Una svolta inattesa: la professoressa, considerata persona informata dei fatti e non indagata, è stata sentita dopo un anno e mezzo di tentativi della procura. Dopo un primo incontro ai funerali di Giulio a Fiumicello, la tutor – egiziana, oppositrice del regime – si era fatta costantemente negare, rifiutando di incontrare gli investigatori italiani.

Un rifiuto che in Italia ha sollevato un vespaio, con commentatori e membri del governo che ne hanno approfittato per spostare l’attenzione dal Cairo a Londra e per accusare la professoressa di simpatie per i Fratelli Musulmani, come si volesse presumere l’esistenza di un non meglio specificato «complotto».

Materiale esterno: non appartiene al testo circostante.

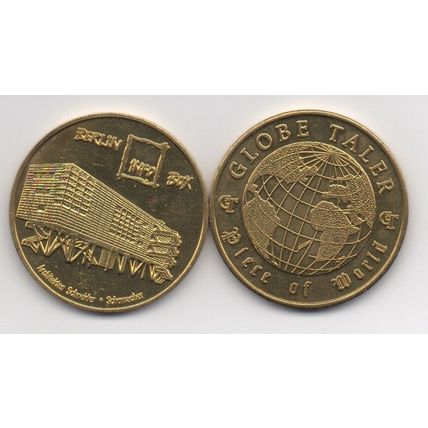 Monnaie de Paris Globe Taler 1997/1998 Infobox Berlin PAS Fernsehturm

Ma il giovane ricercatore non è morto in un ateneo inglese, è morto nella capitale egiziana per mano «di professionisti della tortura». Di certo la mancata collaborazione di Cambridge – utile a chiarire le modalità della ricerca, i contatti che Giulio aveva stretto al Cairo, le informazioni trovate e non ad accusare docente o istituzione in sé– non hanno facilitato il lavoro della procura, già ampiamente ostacolata dai depistaggi e le illogiche «teorie» investigative del regime di al-Sisi.

Alla fine le rogatorie italiane hanno portato ieri all’audizione di Abdelrahman che, scrive in una nota la procura, ha risposto a tutte le domande e confermato quanto detto in precedenza: Giulio scelse liberamente l’argomento della ricerca, ha detto, smentendo le voci di una sua imposizione circolate su giornali italiani a novembre.

Dovrebbero seguire ora audizioni degli studenti che hanno preceduto Regeni in Egitto per identici motivi. Gli studenti sono stati già individuati dalla polizia locale: in passato avevano svolto ricerche simili, incentrate sul ruolo dei sindacati indipendenti nati dopo la rivoluzione di piazza Tahrir del 2011, tema particolarmente caro alla tutor.

Tra loro, in particolare, Colaiocco intende sentire una studentessa espulsa dall’Egitto, dove stava svolgendo lo stesso lavoro di Regeni.

Ma ad accendere l’attenzione è sicuramente la perquisizione nell’abitazione e l’ufficio di Abdelrahman che in una nota la procura di Roma specifica essere stata realizzata da Ros e Sco, in collaborazione con le autorità britanniche: «I supporti informatici e i materiali acquisiti saranno utili a fare definitiva chiarezza, in modo unico e oggettivo, sul ruolo della professoressa nei fatti di indagine».

Parole che aprono a scenari nuovi, in grado forse di far luce sui risultati che Giulio aveva ottenuto fino al 25 gennaio 2016 dalla sua ricerca sul campo (e di cui – aveva raccontato alla sua famiglia – aveva fatto partecipe la tutor in un incontro al Cairo, avvenuto poco prima della sua sparizione): un filo d’Arianna che potrebbe condurre ai responsabili materiali della barbara uccisione del giovane.